He grinned. "I want you to help one of my failed oats, Grandmama," he said.
"A wench?" she asked sharply. "And failed, Charles? She's not in the family way? I don't intend to start providing for your bastards, my lad. I always told Middleburgh the same."
"I don't ask you to," he said. "My own purse will stretch to providing for all two hundred and thirty of them. No, this is a girl after your own heart, Grand-mama. She wouldn't have me. Twice. I unleashed all my not inconsiderable charm and skill on her, but she would have none of me. I, of course, consider her remarkably foolish."
"And you want me to help her, Charles? Ring the bell, boy. You will join me for some coffee. Nothing stronger. Too early in the day for you to start drinking. You probably do it for all the rest of the day anyway."
"Coffee will be welcome," he said, settling himself into a chair beside the fire and stretching his boots toward the blaze. "It is deuced cold outside today."

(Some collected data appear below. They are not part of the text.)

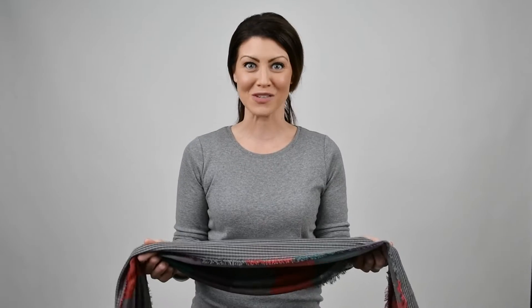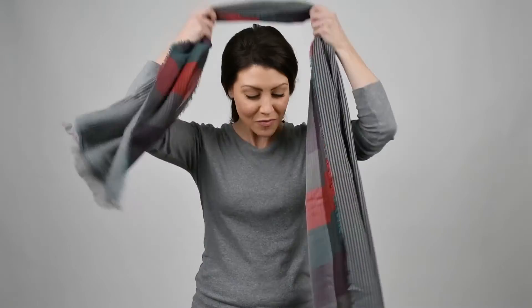This scarf is a Swiss plaid. It's reversible and I'll show you a few ways to wear it. First way: one side high, one side low. Wrap it around.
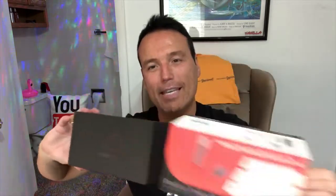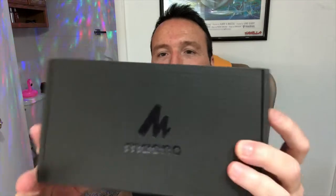It's just a sleeve — there's their name right there, Maono. The box looks really nice so far, that's a good sign. Opening it up for the first time together — we've got a little foam here for protection, a user manual, those things always come in handy, and it looks like we've got the microphone itself packaged nicely.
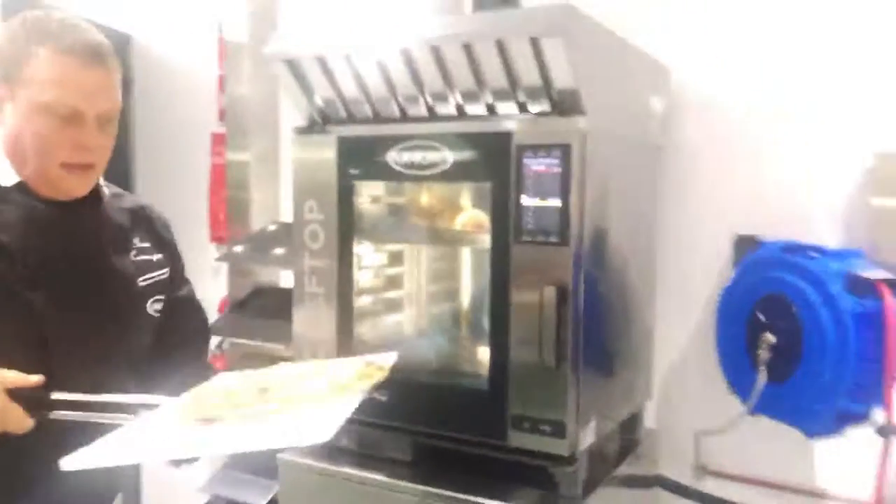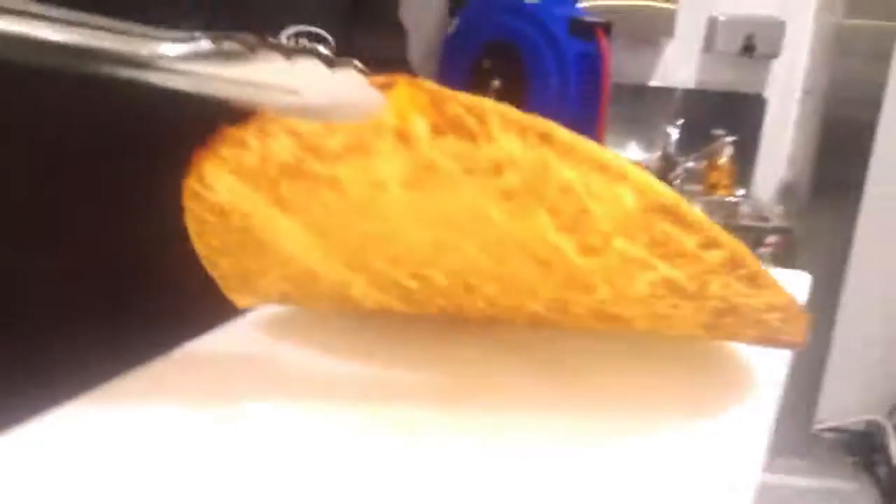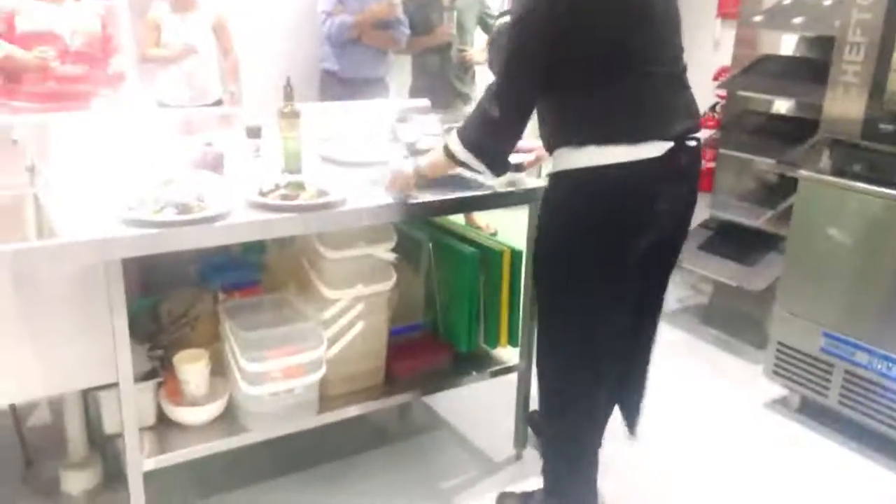Just slide it out onto the tray. Now look at that base. Look at the base. That's one of the most important parts of the pizza. So just cool this down for a second. Everyone's got a plate.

"It often is in November," she said.
"Miss Moore was a governess with the Barries," Rutherford said, "and I somehow caused her to be dismissed. She had rejected me cold, I would have you know, but because she was caught barefoot in the library with me, she was dismissed as a loose woman quite unfit for the charge of the Barrie chit. Oh, she was also wearing a sack of a nightgown and had her hair loose all down her back. And it was midnight or thereabouts."
"Hm," she said. "The chit was asking for it. I should help her to a whipping."
"Nonsense," he said. "She was looking for a book to put her to sleep."
"A man more like," his grandmother said.
"If that were so, she would not have refused my invitation, would she?" he asked reasonably.
"Did you ever consider that perhaps you were the wrong man, Charles?" she asked, peering at him over her spectacles again.
He laughed. "Grandmama," he said, "you will always keep me humble, I'm afraid. I met her on the road two evenings ago and failed again, I am sorry to say. Very sorry! But I feel responsible, you see. I gave her your direction and assured her that you would help her find employment." He smiled disarmingly.
"Did you indeed?" she said. "And as what, pray? As a chambermaid in this house so that you may molest her at your every visit? And I suppose I could expect you to grace me with your company twice daily?"
Rutherford's smile became more rueful. "She is refined, Grandmama," he said, "and virtuous. A lady in everything but fortune, I believe. You must know someone who needs a governess. You know everyone in the kingdom, I sometimes think. But one thing. You must get her away from London. Far away. I really have no wish to meet her again."
The dowager duchess regarded her grandson steadily for a few silent moments. "I begin to like the gel," she commented. "It takes a rare one to discompose someone as jaded as you, m'boy."
"Jaded?" he said, eyebrows raised. "And discomposed, Grandmama? You mistake the matter quite."
"Don't come haughty with me, Charles," she said, quite unperturbed. "If it comes to haughtiness, I can give you lessons. You liked the gel, eh?"
"As I have said, Grandmama," he said, "I could have put her to good use. But she chooses to be an impregnable fortress. I have given up the siege. There are willing females enough."
"Go to it then, lad, but not to be driven in Hyde Park," his grandmother said. "That was a disgusting display."
"I behaved with the utmost respectability, Grandmama," Rutherford protested. "I did not come anywhere near you or even dream of trying to present the, er, female to you. I think you were secretly chagrined that I did not bring her close enough for your inspection. I know better than to do any such thing, my dear."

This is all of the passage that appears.